━━━━━ Data under study ━━━━━
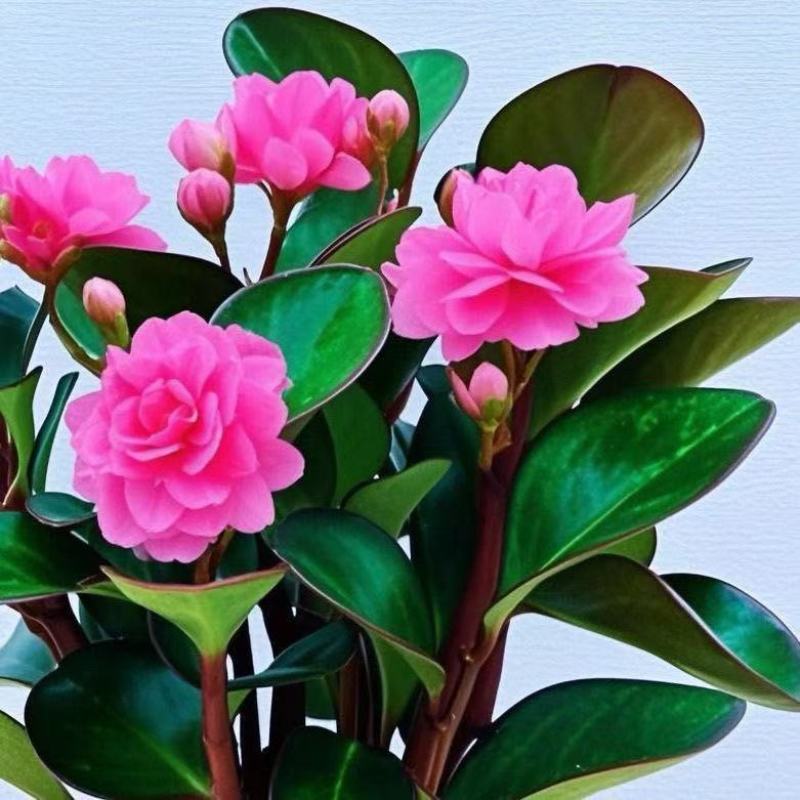 碧玉紫玉新品红边四季常青室内花卉绿植开花植物净化浓香盆栽新款
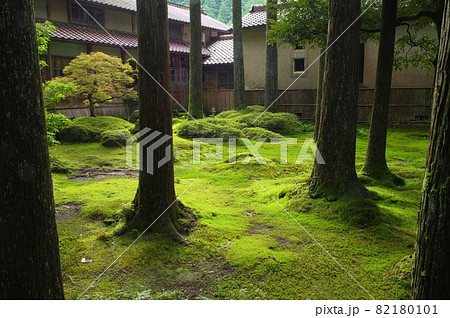 日用苔の里　石川県小松市日用町 82180101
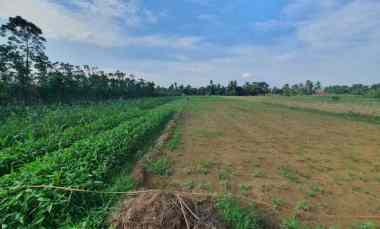 dijual cepat tanah murah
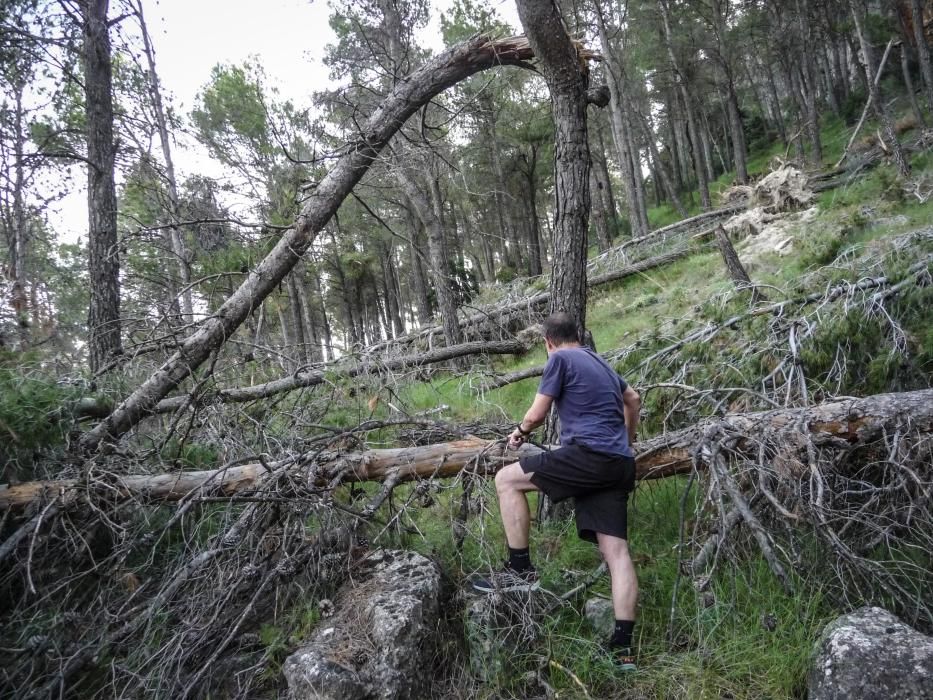 La falta de personal y la envergadura de los daños causados por la borrasca Gloria han impedido retirar los árboles en el parque natural, más allá de en caminos y pistas.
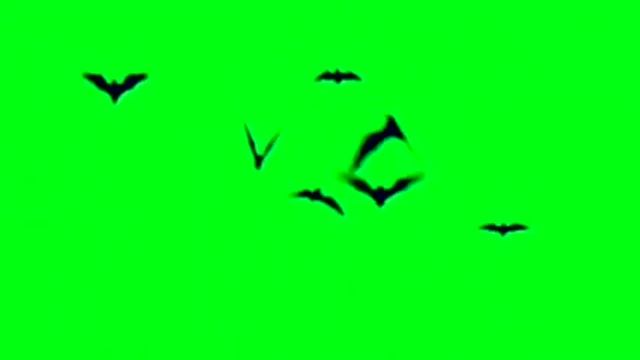 Footages Halloween ?(летучие мыши)//Футажи Хеллоуин ? смотреть онлайн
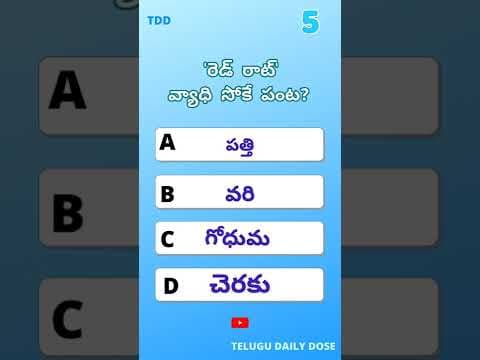 Gk Quiz | GK Questions 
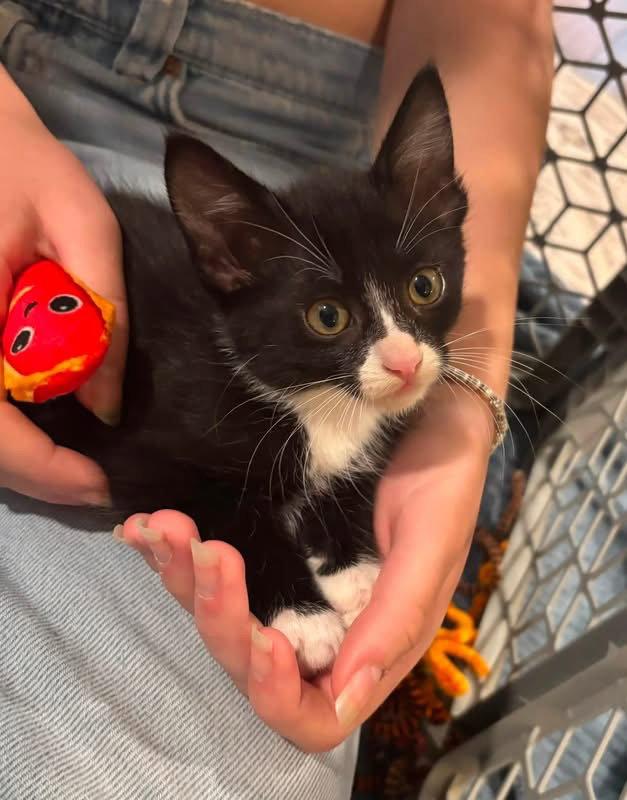 Doralee, Adoptable, Young Female Domestic Short Hair.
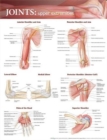 Joints of the Upper Extremities Anatomical Chart - Book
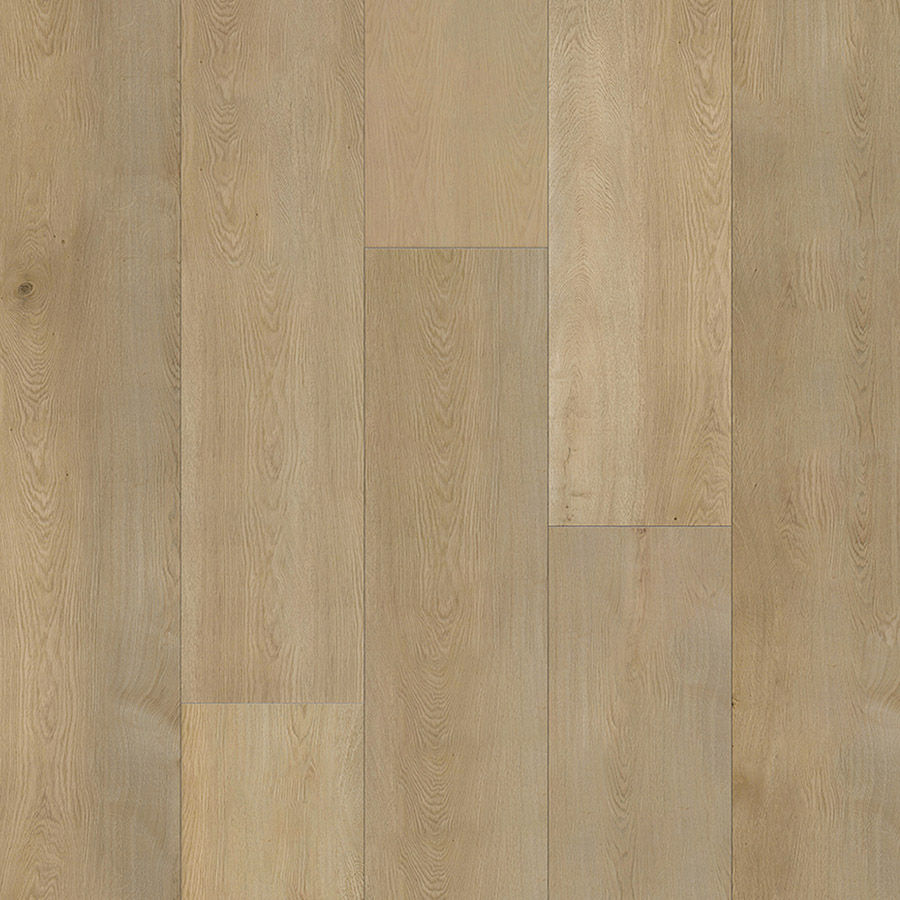 c2ca331c-7440-11ee-8a43-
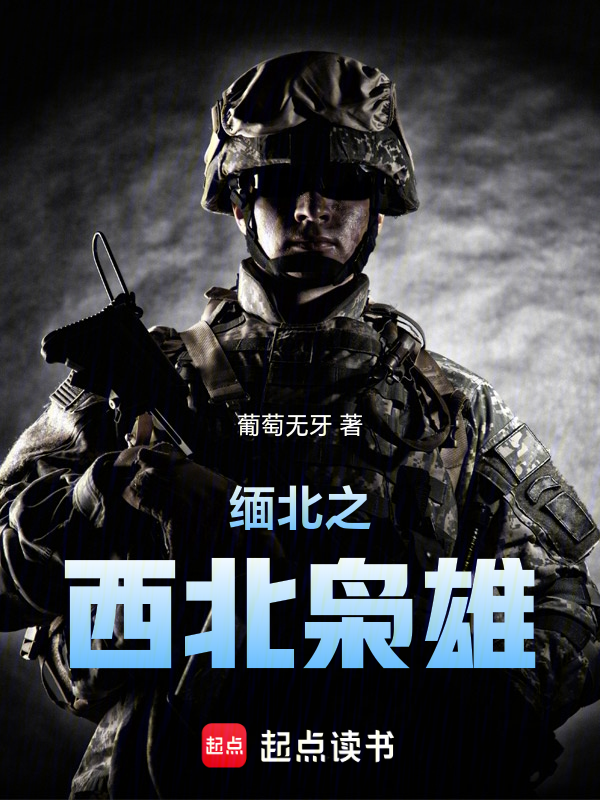 缅北之西北枭雄小说封面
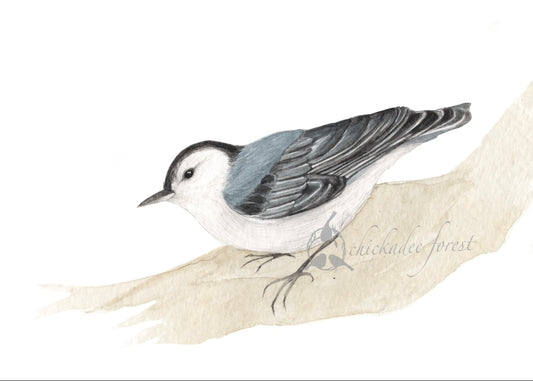 Nuthatch 5x7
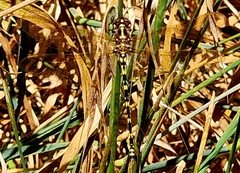 Synthemis eustalacta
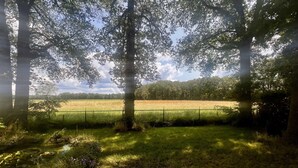 Un paisaje rural con un campo cercado, árboles y un sendero de piedra.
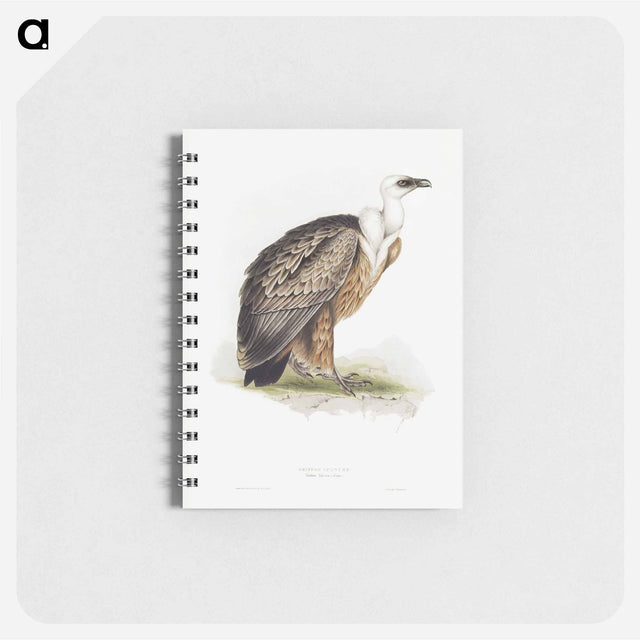 アートメモ帳-Griffon Vulture
 - デトロイト美術館 Memo.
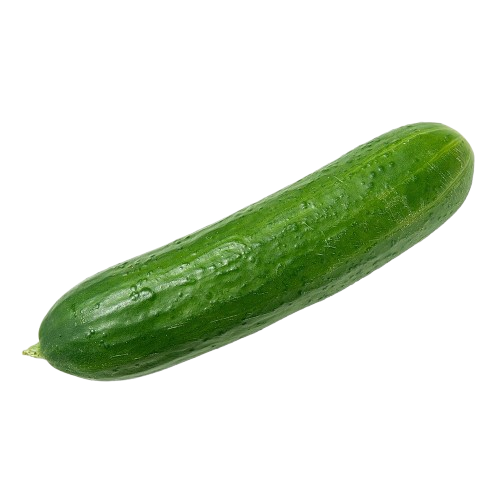 Cucumber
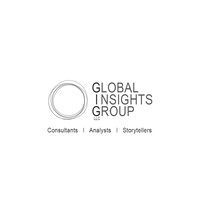 Global Insights Group, LLC logo - Similar company to Php Scripts Mall Private Limited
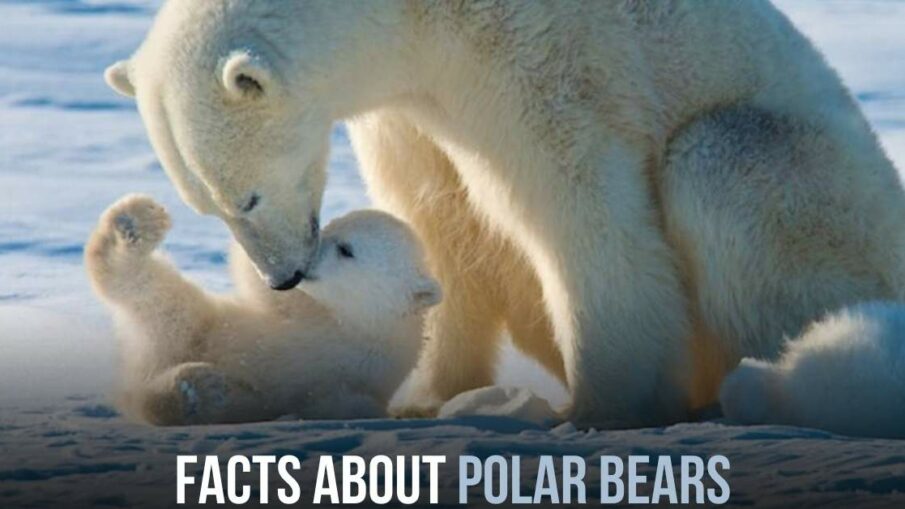 Facts About Polar Bears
━━━━━
*Problem*: All lines above must be repeated exactly, and the pictures must be omitted.

*Answer*:
 碧玉紫玉新品红边四季常青室内花卉绿植开花植物净化浓香盆栽新款
 日用苔の里　石川県小松市日用町 82180101
 dijual cepat tanah murah
 La falta de personal y la envergadura de los daños causados por la borrasca Gloria han impedido retirar los árboles en el parque natural, más allá de en caminos y pistas.
 Footages Halloween ?(летучие мыши)//Футажи Хеллоуин ? смотреть онлайн
 Gk Quiz | GK Questions 
 Doralee, Adoptable, Young Female Domestic Short Hair.
 Joints of the Upper Extremities Anatomical Chart - Book
 c2ca331c-7440-11ee-8a43-
 缅北之西北枭雄小说封面
 Nuthatch 5x7
 Synthemis eustalacta
 Un paisaje rural con un campo cercado, árboles y un sendero de piedra.
 アートメモ帳-Griffon Vulture
 - デトロイト美術館 Memo.
 Cucumber
 Global Insights Group, LLC logo - Similar company to Php Scripts Mall Private Limited
 Facts About Polar Bears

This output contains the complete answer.